■ **WORK INSTRUCTION**
Begin at the line that has "R134A Compressor KB122YFPC", stop after the line that has "Patron Club T-Shirt - Cougar Clothing", and print exactly those lines from the records below, without any pictures.

■ **RECORDED DATA**
....

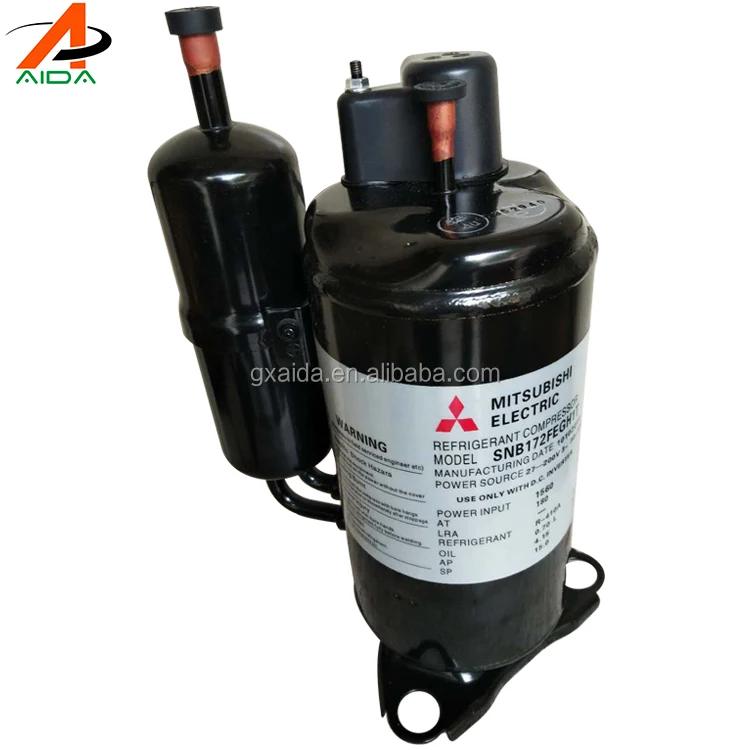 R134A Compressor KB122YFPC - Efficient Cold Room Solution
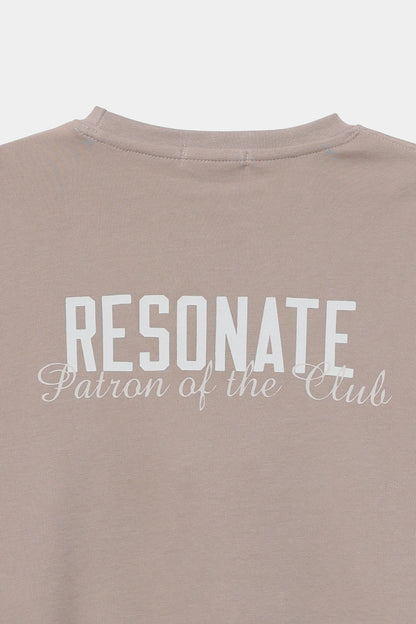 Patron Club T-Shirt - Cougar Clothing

....

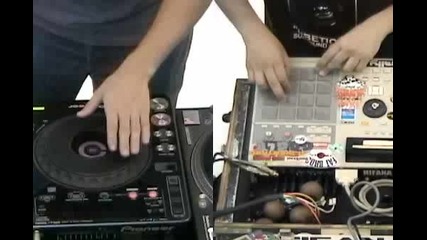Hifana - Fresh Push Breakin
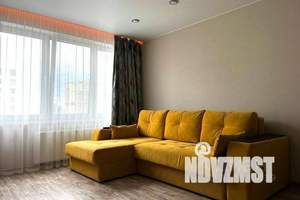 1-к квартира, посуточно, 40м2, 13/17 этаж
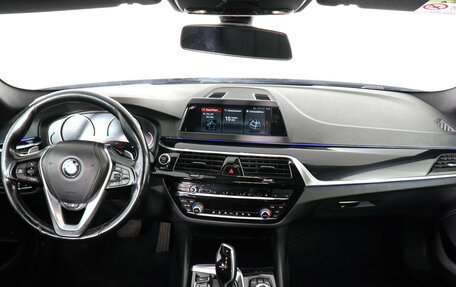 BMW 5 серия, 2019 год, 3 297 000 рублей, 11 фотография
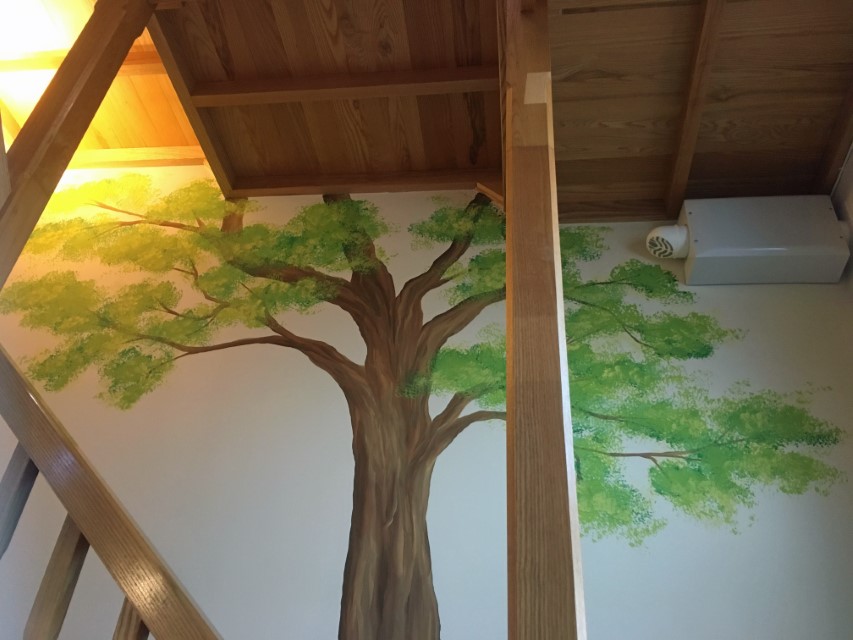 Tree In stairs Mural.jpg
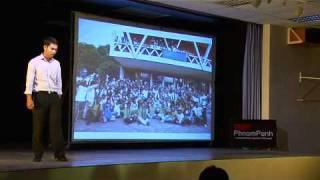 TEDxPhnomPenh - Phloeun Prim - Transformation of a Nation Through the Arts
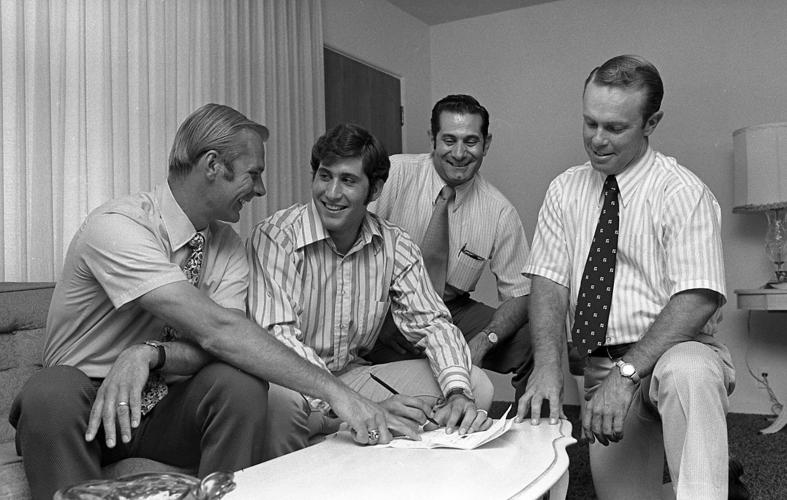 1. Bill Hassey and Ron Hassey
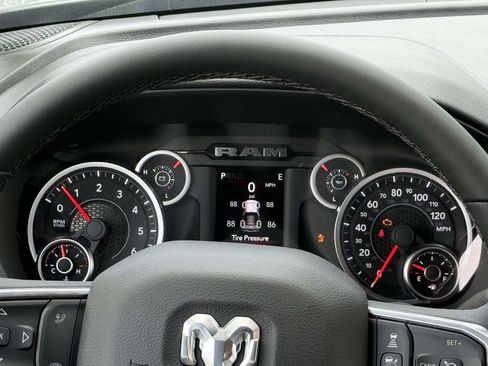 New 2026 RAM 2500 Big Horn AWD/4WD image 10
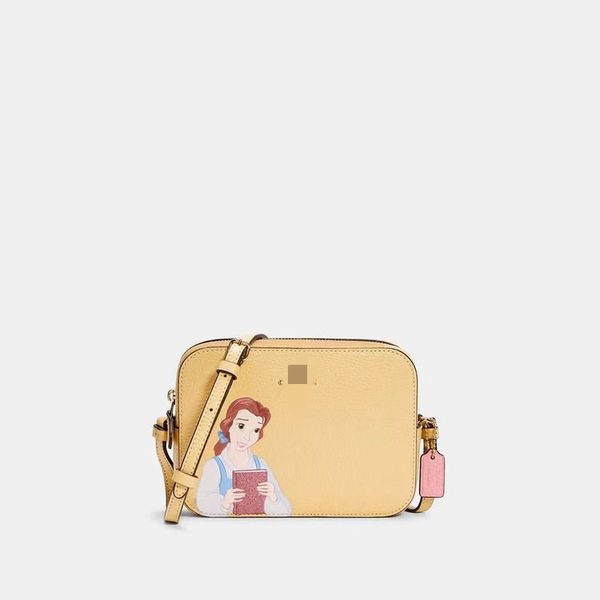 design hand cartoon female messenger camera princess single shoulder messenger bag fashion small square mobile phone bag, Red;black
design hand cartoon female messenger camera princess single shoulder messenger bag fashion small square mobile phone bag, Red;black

....

■ **ANSWER TO THE EXERCISE**
 R134A Compressor KB122YFPC - Efficient Cold Room Solution
 Patron Club T-Shirt - Cougar Clothing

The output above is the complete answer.